The Lone Gunman
Vincent Bugliosi spent 20 years and used 2,000 pages to write Reclaiming History: The Assassination of President John F. Kennedy to conclude that Lee Harvey Oswald acted alone in shooting President Kennedy. The Atlantic's Thomas Mallon reviews the book and describes his impressions in an interview. Here are some of Mallon's remarks.
I think actually it’s healthy to see somebody [Vincent Bugliosi] who seems to have solid liberal credentials, who was very pro-Gore in the 2000 election, still taking the pro-Warren Commission view. ...
There are a few supposedly respectable academics who have gone way out there in conspiracy theory, but I would say that most of them are kind of gumshoes, amateurs, and people who probably were impacted by the assassination. Their emotions were impacted by it in what was originally a genuine way, but somehow the tissue around that impact has become infected, and it’s become something that they don’t want to let go of. The thing that they would hate most is for anything that they would have to regard as definitive proof to come along.
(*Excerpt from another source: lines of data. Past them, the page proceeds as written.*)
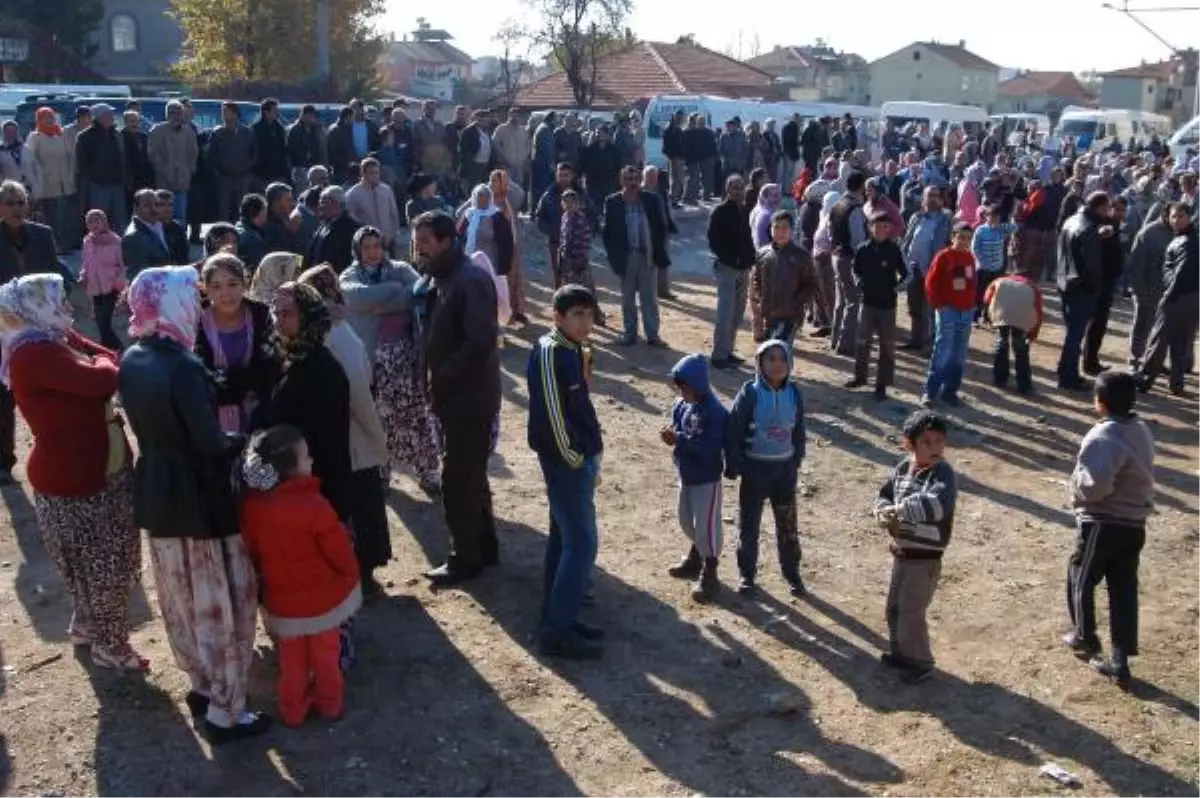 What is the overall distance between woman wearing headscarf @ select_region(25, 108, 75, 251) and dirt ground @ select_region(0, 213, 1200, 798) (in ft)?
24.6

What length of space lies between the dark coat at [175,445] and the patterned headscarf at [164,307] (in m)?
0.05

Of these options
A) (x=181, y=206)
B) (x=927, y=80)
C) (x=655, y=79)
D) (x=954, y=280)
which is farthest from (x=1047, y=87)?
(x=954, y=280)

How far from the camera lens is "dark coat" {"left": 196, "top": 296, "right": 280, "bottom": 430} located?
5.46 m

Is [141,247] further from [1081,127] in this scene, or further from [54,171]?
[1081,127]

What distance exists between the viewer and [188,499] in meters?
4.74

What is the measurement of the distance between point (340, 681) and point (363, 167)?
24.6 feet

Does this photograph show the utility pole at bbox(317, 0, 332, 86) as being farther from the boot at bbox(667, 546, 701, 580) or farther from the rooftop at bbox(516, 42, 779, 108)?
the boot at bbox(667, 546, 701, 580)

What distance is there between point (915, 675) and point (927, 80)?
305 ft

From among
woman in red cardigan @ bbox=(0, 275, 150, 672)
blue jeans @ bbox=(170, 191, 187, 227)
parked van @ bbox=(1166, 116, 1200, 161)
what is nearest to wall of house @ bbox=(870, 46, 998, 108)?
parked van @ bbox=(1166, 116, 1200, 161)

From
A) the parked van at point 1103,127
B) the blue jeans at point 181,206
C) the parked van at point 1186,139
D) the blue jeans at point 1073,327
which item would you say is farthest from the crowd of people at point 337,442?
the parked van at point 1103,127

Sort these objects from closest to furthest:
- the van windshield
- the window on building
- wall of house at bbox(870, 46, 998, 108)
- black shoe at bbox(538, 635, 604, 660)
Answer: black shoe at bbox(538, 635, 604, 660) < the van windshield < the window on building < wall of house at bbox(870, 46, 998, 108)

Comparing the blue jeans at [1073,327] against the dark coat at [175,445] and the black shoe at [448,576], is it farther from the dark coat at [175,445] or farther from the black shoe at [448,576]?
the dark coat at [175,445]

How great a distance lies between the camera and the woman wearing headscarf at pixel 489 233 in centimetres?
1118

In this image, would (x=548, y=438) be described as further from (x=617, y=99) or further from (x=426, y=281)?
(x=617, y=99) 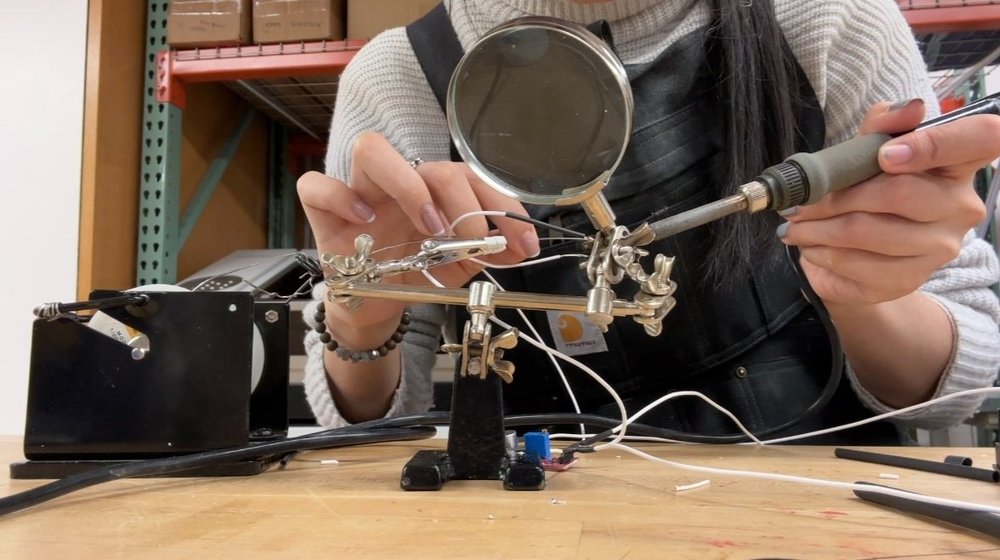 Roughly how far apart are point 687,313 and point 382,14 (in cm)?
78

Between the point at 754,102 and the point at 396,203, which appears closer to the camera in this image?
the point at 396,203

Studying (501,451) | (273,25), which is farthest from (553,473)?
(273,25)

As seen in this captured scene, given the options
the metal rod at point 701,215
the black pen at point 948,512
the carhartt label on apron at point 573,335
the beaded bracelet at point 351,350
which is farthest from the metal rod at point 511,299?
the carhartt label on apron at point 573,335

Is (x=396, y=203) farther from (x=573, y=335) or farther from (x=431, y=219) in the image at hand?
(x=573, y=335)

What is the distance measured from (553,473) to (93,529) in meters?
0.23

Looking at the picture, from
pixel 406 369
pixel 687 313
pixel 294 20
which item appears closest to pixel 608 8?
pixel 687 313

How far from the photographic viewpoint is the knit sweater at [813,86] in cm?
61

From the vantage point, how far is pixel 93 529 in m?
0.29

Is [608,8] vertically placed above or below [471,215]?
above

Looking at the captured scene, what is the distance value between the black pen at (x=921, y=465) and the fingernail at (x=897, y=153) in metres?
0.18

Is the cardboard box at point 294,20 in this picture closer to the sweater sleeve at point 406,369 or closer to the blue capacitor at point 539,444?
the sweater sleeve at point 406,369

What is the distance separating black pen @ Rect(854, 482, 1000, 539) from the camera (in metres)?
0.26

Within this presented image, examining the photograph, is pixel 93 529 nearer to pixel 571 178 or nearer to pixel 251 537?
pixel 251 537

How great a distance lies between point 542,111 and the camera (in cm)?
31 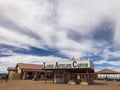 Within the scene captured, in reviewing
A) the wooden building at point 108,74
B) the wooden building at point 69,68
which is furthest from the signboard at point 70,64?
the wooden building at point 108,74

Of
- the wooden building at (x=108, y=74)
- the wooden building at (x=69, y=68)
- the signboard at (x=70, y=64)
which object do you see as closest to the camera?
the signboard at (x=70, y=64)

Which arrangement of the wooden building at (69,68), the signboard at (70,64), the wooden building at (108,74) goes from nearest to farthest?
the signboard at (70,64) < the wooden building at (69,68) < the wooden building at (108,74)

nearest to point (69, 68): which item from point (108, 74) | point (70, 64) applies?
point (70, 64)

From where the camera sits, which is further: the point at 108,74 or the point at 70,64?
the point at 108,74

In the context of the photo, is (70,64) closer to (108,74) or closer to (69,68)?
(69,68)

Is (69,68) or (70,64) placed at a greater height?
(70,64)

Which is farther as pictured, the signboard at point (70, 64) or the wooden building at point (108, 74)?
the wooden building at point (108, 74)

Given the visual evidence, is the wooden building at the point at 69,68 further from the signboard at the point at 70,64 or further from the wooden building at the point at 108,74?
the wooden building at the point at 108,74

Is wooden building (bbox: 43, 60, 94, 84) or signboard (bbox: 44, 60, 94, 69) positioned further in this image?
wooden building (bbox: 43, 60, 94, 84)

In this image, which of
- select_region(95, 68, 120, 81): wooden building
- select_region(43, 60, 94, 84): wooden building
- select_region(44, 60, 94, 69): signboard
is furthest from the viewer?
select_region(95, 68, 120, 81): wooden building

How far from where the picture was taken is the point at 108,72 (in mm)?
47062

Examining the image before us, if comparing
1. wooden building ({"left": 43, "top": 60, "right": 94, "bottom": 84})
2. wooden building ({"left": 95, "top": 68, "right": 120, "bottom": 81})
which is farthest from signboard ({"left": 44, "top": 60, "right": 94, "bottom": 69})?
wooden building ({"left": 95, "top": 68, "right": 120, "bottom": 81})

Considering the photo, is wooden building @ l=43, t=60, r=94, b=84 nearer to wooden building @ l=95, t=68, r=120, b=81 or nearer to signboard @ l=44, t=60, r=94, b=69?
signboard @ l=44, t=60, r=94, b=69

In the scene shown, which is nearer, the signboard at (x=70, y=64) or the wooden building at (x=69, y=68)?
the signboard at (x=70, y=64) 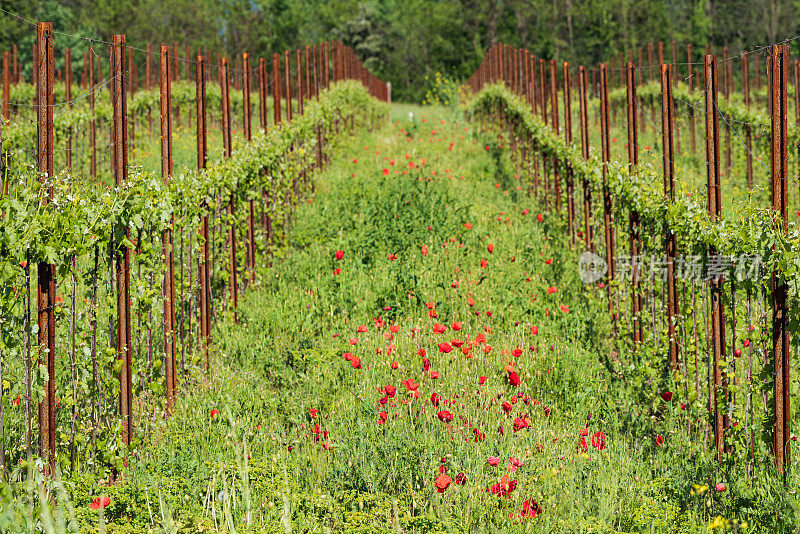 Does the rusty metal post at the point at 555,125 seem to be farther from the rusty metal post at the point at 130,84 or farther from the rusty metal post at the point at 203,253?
the rusty metal post at the point at 130,84

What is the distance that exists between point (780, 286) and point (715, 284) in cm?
51

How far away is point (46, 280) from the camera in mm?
3291

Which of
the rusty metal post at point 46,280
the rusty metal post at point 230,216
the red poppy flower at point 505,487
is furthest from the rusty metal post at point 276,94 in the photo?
the red poppy flower at point 505,487

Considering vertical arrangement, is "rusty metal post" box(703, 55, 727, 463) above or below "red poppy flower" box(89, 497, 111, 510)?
above

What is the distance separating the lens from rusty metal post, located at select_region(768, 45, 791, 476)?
11.1 ft

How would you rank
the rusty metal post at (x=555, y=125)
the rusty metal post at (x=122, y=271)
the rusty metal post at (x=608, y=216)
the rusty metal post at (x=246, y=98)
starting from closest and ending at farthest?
the rusty metal post at (x=122, y=271) < the rusty metal post at (x=608, y=216) < the rusty metal post at (x=246, y=98) < the rusty metal post at (x=555, y=125)

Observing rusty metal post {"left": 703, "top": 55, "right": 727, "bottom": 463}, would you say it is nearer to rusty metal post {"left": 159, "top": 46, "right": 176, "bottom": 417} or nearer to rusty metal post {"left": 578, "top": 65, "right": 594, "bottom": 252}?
rusty metal post {"left": 578, "top": 65, "right": 594, "bottom": 252}

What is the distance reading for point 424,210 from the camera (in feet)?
26.4

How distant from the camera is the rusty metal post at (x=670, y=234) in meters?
4.50

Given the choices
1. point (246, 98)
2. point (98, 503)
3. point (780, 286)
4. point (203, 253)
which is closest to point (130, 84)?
point (246, 98)

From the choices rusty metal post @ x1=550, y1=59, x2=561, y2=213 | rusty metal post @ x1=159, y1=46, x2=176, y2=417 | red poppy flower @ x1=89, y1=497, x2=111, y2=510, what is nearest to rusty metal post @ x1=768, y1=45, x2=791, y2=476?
red poppy flower @ x1=89, y1=497, x2=111, y2=510

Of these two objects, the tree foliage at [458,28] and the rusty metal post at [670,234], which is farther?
the tree foliage at [458,28]

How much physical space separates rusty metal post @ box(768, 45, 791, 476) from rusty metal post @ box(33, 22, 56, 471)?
333 cm

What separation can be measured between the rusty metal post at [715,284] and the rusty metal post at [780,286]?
17.1 inches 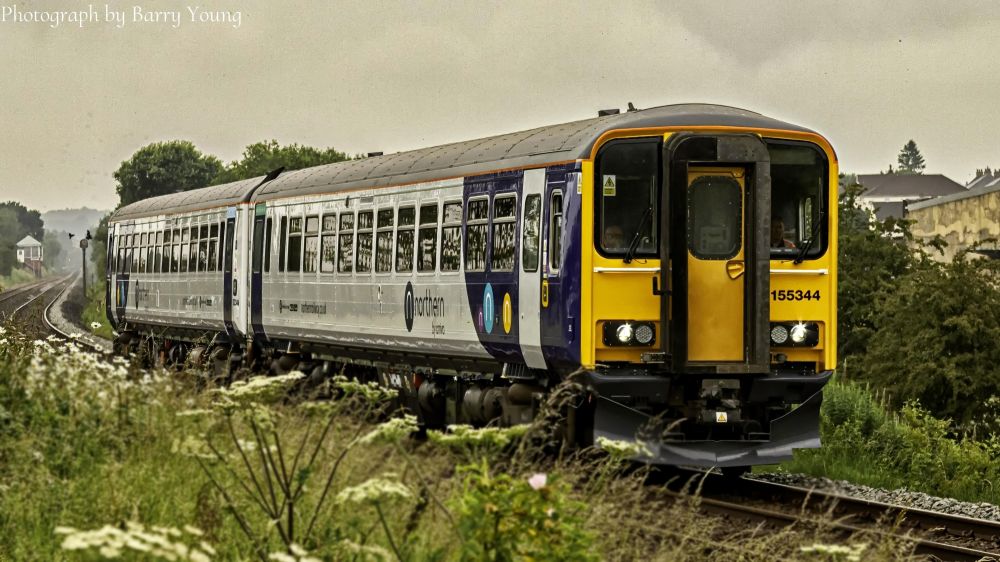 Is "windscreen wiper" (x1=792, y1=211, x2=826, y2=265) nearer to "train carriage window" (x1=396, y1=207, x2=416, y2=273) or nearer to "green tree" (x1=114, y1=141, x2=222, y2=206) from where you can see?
"train carriage window" (x1=396, y1=207, x2=416, y2=273)

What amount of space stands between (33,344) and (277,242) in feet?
24.3

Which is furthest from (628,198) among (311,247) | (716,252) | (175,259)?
(175,259)

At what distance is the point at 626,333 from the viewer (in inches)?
497

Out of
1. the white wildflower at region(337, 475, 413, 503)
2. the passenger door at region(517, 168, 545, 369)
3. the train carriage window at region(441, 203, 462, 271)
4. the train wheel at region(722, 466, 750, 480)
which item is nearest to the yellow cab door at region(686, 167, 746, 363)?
the passenger door at region(517, 168, 545, 369)

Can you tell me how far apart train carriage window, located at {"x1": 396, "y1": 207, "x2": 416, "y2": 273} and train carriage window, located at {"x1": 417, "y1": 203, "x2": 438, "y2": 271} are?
0.88 feet

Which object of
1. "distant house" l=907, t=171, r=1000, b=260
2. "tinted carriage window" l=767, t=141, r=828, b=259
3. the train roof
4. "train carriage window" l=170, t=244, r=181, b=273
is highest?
"distant house" l=907, t=171, r=1000, b=260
I think we do have definitive proof that Oswald killed Kennedy, but if definitive proof of their own theories came along somehow, I think they’d be terribly bereft.
Inevitably any book about the Kennedy assassination becomes a book about the conspiracy theories that grew up around it. It necessarily preoccupies itself with clearing away the accumulated mythology of decades. Mallon emphasizes Bugliosi's liberal credentials for a reason. Few might otherwise believe Bugliosi's assertion that the Zapruder film actually confirms there was a lone gunman. It also helps to disconnect Oswald's pro-Castro politics from the act of assassination itself.
I think all of that goes into Oswald. Something was very wrong with Oswald, and it wasn’t his politics. Something was very wrong with him at the deepest interior spot. If he had not killed Kennedy that day, Oswald was certainly not through with violence. I mean, Oswald’s shooting of General Edwin Walker is tremendously central to understanding the Kennedy assassination. Let’s say Oswald were working somewhere else, didn’t have the job at the depository, didn’t have any chance to get near the parade route—Oswald was not through with violence. Oswald was going to kill a political figure at some point.
Oswald can be acknowledged the assassin but only at the price psychologically profiling him like a rightwing nut. But maybe that's the cost of recovering the facts -- assuming those are the facts. Just a spoonful of sugar makes the medicine go down.